Вот так нас, принцесс, опускают на грешную землю. Не зря Людмила Гурченко этого Германа не залюбила. Ника целовала Лопатина в глаза и говорила - только ничего не обещай, я боюсь обещаний. Убрав это всё, Герман расширил диапазон экстраполяций - обобщил, так сказать, трактовку образа. Кто же виноват, что люди в первую очередь предполагают - нет, не обязательно худшее, а то, что обыденней. Ника была чересчур идеальна, контрастом к лопатинской жене - воплощению лицемерно-манипулятивного эгоцентризма; это всё туда же, к эпиграфу, так герой, не отдавая себе отчёта, разделяет своих женщин - на ослепительно-белую и гнусно-чёрную, без полутонов.
Резануло глаз, что в городе много мужчин, то и дело шастают в кадре - на рынке, в трамвае, на заводе одни мужики, что странно для сорок второго года; тот же Лопатин, недавно с передовой, на каждого здорового мужчину, даже и не очень молодого, машинально смотрел с подозрением - почему не на фронте.
По мере просмотра всё чётче оформляется догадка, что герой был убит на пляже при бомбёжке, и всё происходящее с ним далее вовсе не отпуск, а загробные мытарства в условных полях и огородах чистилища, о чём он не догадывается, хотя окружающие люди, животные и даже строения всем своим поведением и видом на это намекают.
Симонов, хоть и держал руку на пульсе, однако снимал и монтировал фильм всё-таки не он, и весьма интересно было бы узнать, каково оказалось его впечатление от конечного результата экранизации этой его во многом автобиографичной вещи.
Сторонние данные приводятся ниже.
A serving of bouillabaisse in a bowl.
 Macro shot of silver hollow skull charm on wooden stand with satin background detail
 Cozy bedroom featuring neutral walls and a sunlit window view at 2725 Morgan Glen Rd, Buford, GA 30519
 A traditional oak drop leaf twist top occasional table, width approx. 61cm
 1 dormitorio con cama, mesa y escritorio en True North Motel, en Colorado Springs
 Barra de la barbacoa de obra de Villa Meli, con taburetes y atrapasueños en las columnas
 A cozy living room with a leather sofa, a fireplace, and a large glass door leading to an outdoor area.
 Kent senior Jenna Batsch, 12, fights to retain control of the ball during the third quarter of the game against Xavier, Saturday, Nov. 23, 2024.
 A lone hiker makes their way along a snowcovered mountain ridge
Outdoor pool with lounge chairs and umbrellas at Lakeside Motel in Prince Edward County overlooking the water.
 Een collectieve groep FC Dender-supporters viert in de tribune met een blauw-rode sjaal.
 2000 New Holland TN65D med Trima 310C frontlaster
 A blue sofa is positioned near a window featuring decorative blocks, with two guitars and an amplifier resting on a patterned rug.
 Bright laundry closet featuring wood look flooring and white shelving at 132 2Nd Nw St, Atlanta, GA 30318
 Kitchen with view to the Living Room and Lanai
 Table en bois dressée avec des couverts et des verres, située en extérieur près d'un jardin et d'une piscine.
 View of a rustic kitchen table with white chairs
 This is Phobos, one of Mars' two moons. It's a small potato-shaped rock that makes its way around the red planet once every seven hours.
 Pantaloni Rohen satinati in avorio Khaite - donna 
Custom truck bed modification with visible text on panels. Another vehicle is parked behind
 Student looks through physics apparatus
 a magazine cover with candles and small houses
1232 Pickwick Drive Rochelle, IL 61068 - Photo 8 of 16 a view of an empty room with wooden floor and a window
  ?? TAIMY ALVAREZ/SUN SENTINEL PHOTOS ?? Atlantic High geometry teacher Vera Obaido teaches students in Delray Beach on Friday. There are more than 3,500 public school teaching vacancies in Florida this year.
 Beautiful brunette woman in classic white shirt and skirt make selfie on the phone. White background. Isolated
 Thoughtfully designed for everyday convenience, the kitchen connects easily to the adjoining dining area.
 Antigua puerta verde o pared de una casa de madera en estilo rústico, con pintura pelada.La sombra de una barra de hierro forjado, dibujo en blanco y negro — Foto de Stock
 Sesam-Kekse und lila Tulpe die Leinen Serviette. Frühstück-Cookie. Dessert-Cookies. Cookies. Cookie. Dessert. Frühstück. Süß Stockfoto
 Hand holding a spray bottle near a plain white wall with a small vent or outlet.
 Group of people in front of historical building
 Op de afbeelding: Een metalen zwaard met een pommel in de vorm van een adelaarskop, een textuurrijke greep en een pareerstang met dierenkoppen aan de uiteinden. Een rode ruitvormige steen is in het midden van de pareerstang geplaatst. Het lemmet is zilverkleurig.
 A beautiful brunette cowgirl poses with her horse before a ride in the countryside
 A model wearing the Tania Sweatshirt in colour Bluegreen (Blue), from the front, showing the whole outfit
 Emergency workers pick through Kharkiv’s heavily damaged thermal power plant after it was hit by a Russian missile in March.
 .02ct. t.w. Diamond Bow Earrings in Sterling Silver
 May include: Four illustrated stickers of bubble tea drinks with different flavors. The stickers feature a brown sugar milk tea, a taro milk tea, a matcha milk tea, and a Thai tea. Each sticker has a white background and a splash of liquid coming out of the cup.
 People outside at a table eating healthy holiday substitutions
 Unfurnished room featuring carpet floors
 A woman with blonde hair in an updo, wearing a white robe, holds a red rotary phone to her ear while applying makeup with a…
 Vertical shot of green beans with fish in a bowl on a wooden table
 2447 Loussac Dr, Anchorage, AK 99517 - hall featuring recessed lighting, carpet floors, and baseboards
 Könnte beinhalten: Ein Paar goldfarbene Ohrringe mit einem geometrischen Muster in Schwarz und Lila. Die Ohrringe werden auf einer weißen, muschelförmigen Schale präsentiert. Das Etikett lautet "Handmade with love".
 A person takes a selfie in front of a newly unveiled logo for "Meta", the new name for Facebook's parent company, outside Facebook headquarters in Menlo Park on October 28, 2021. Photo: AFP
Впрочем, с войны минуло тридцать лет... прошлое исчезает, когда время убивает эмоции. К тому же, по свидетельствам старой киношной гвардии - 'все тогда буквально с ума сходили по авторскому кино'.
В итоге фильм в смысле авторства стал уникален - сплавом двух архетипически-противоположных талантов: фронтовика, видевшего ужас и смерть, а писавшего больше о мужестве и любви, которые он тоже видел и держался ими и спасал других; и мирного человека, всегда жившего в достатке, считавшего мир юдолью скверны, порока и несовершенства - и несущего это сакральное знание в массы; вспоминается классика, Тартюф:
'Мне внушил глагол его могучий, что мир является большой навозной кучей.'
Ничто не ново под луною. Тем не менее, очевидно и неудивительно, что режиссёр на своей киношной территории взял верх.